## DATASET RECORDS
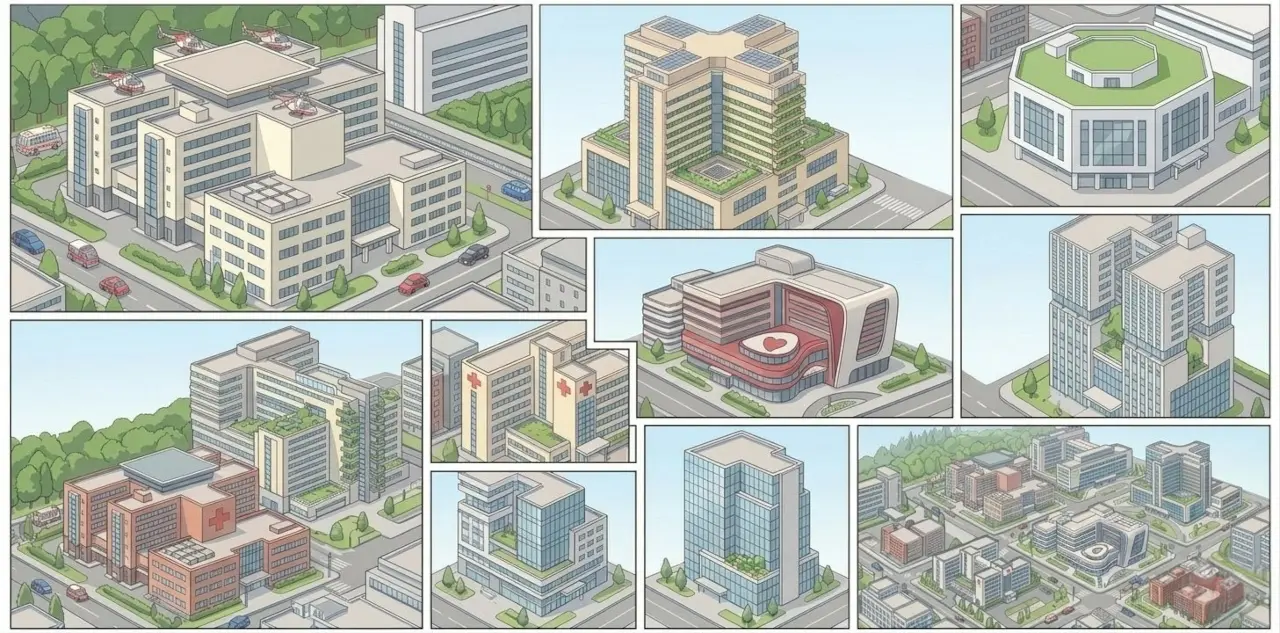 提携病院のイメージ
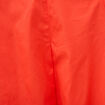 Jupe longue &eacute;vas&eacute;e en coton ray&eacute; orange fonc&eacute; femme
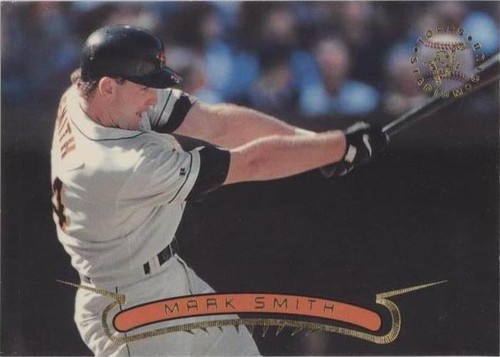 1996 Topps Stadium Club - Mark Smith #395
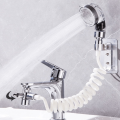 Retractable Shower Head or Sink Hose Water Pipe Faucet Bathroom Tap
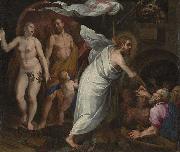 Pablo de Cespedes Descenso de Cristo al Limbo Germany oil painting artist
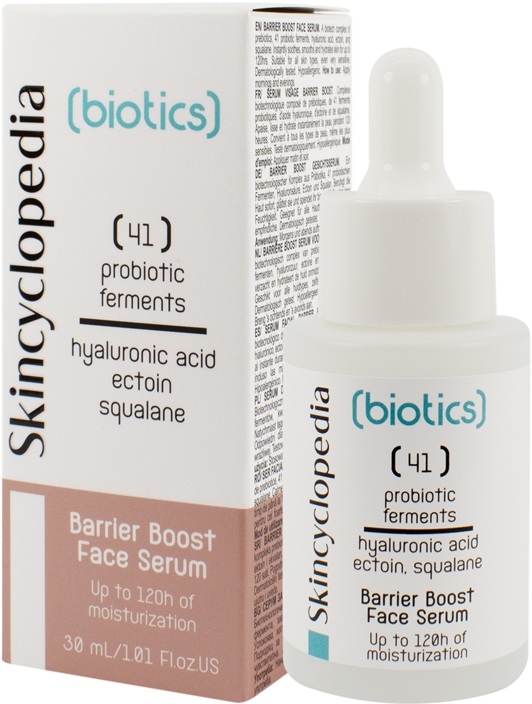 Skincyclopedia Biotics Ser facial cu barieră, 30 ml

## GOAL OF THE EXERCISE
Please write out exactly the lines from the one containing "Retractable Shower Head" through the last line of the records above, and leave out any pictures.

## EXERCISE ANSWER
 Retractable Shower Head or Sink Hose Water Pipe Faucet Bathroom Tap
 Pablo de Cespedes Descenso de Cristo al Limbo Germany oil painting artist
 Skincyclopedia Biotics Ser facial cu barieră, 30 ml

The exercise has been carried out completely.